[Brief descriptive captions]
%%

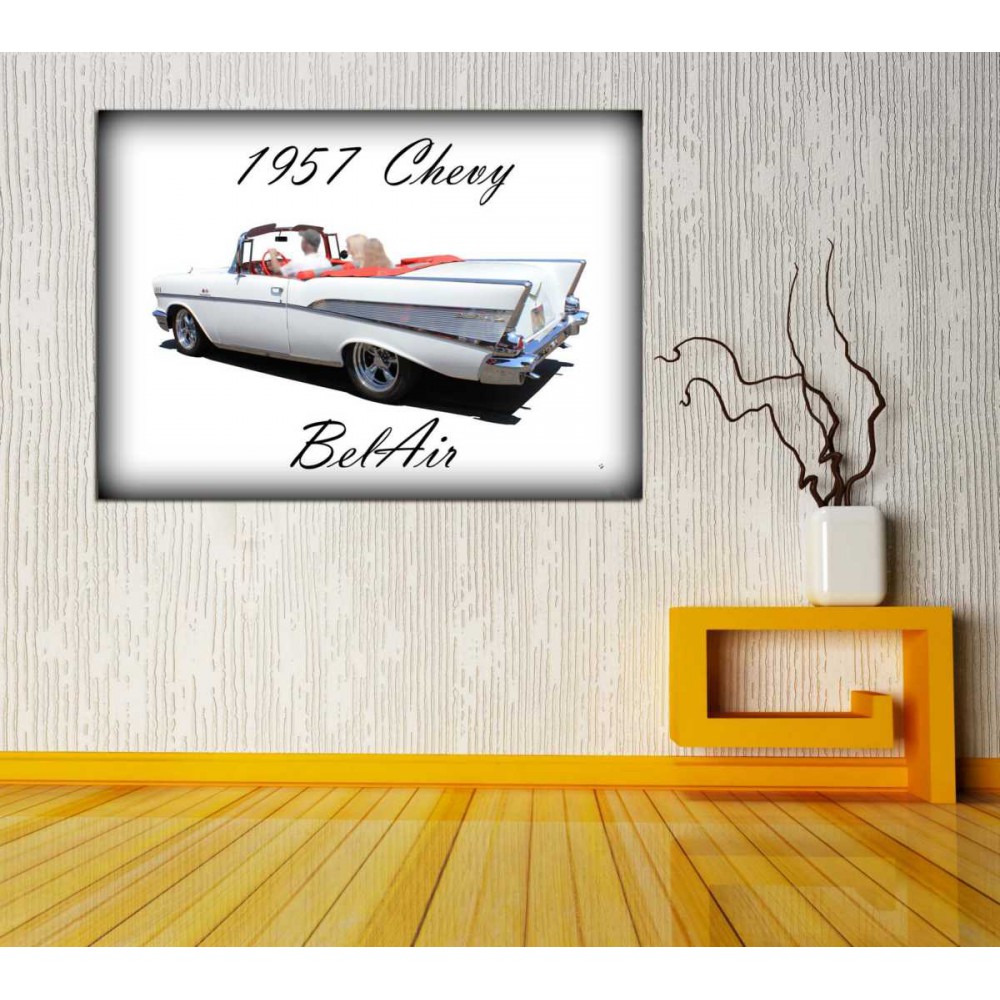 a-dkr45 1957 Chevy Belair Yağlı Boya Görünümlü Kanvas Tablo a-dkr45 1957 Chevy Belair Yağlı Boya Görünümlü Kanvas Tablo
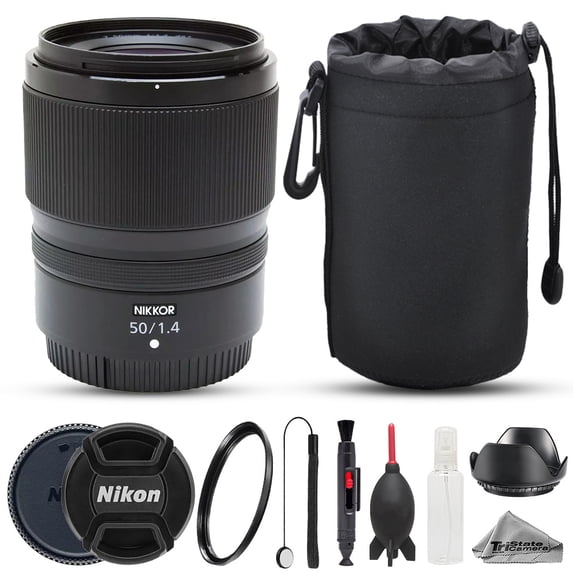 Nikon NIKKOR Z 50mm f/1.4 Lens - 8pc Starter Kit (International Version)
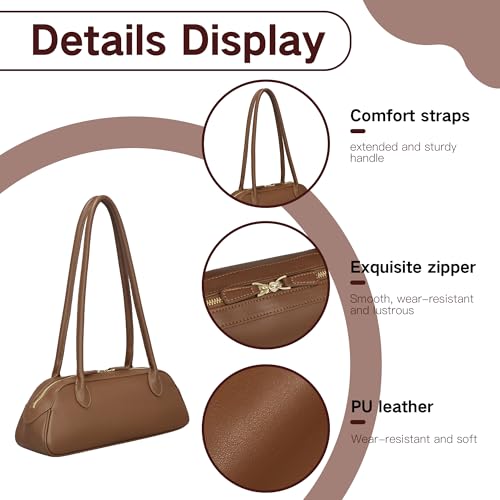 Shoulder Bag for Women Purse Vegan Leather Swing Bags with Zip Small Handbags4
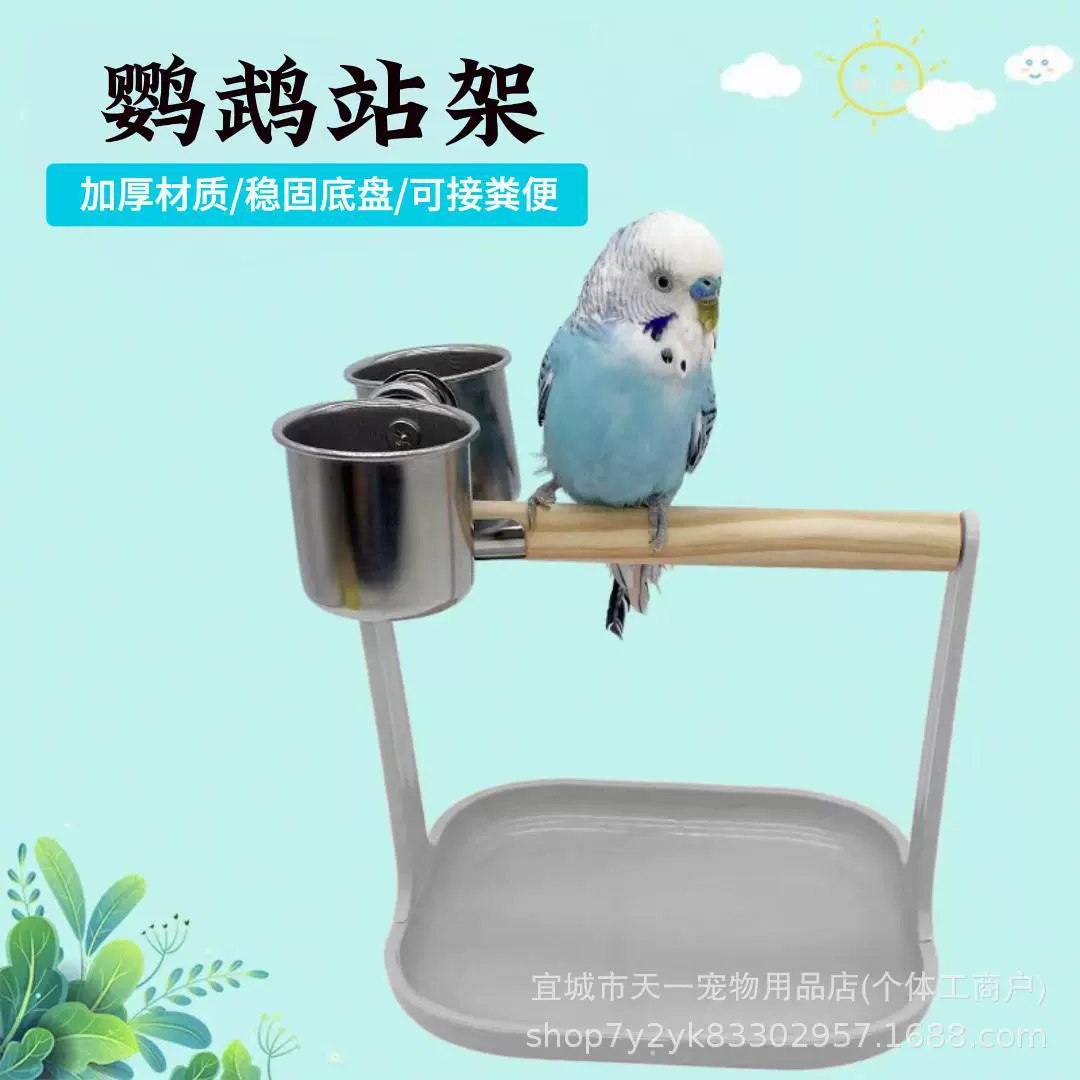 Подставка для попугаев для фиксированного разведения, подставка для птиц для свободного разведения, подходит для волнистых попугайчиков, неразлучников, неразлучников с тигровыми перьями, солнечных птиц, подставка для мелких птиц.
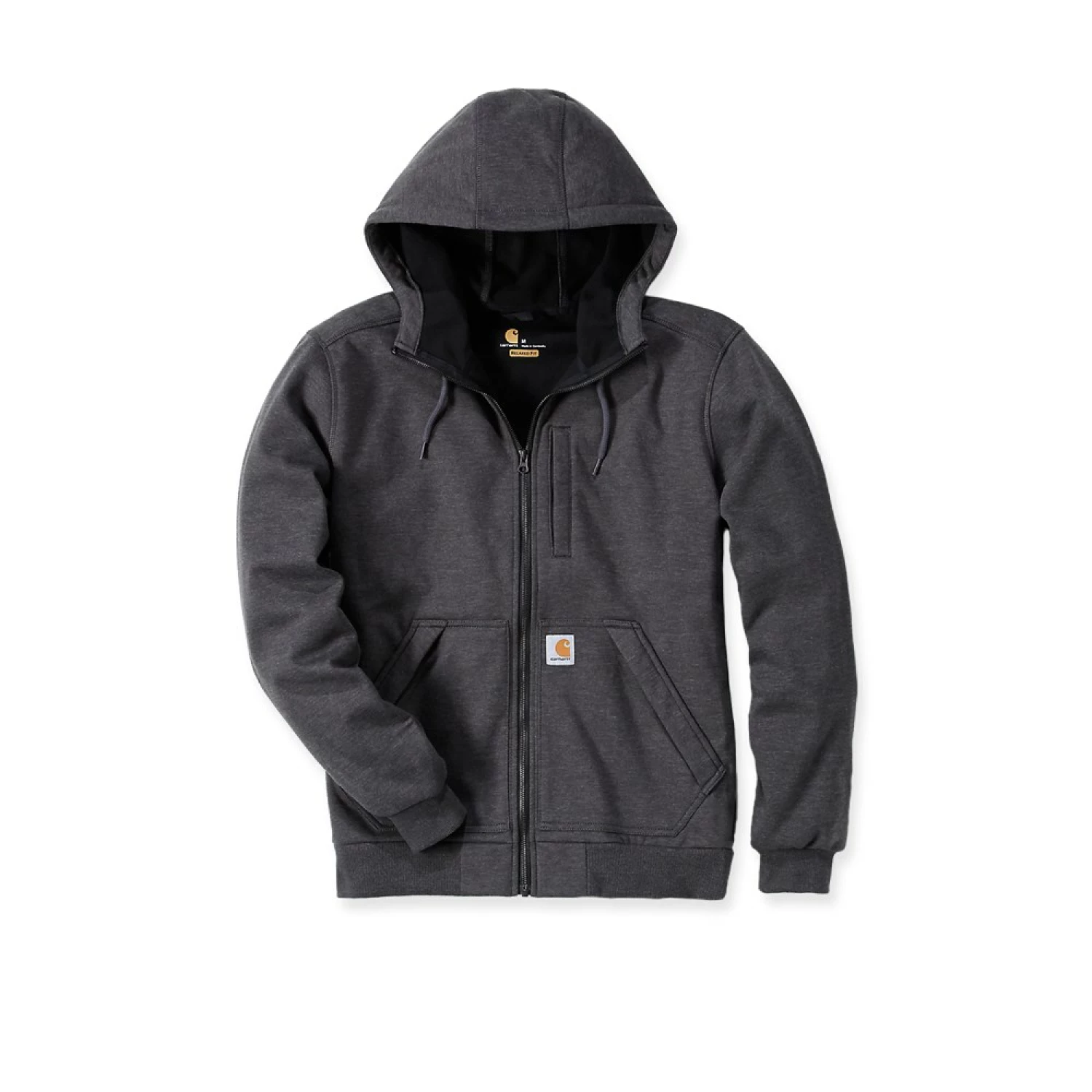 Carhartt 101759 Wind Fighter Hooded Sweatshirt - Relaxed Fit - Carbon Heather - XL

%%

Please reproduce the entries above exactly, from their first line to the line holding "Shoulder Bag for" inclusive, and nothing else; the pictures stay out.

◆ Answer section:
 a-dkr45 1957 Chevy Belair Yağlı Boya Görünümlü Kanvas Tablo a-dkr45 1957 Chevy Belair Yağlı Boya Görünümlü Kanvas Tablo
 Nikon NIKKOR Z 50mm f/1.4 Lens - 8pc Starter Kit (International Version)
 Shoulder Bag for Women Purse Vegan Leather Swing Bags with Zip Small Handbags4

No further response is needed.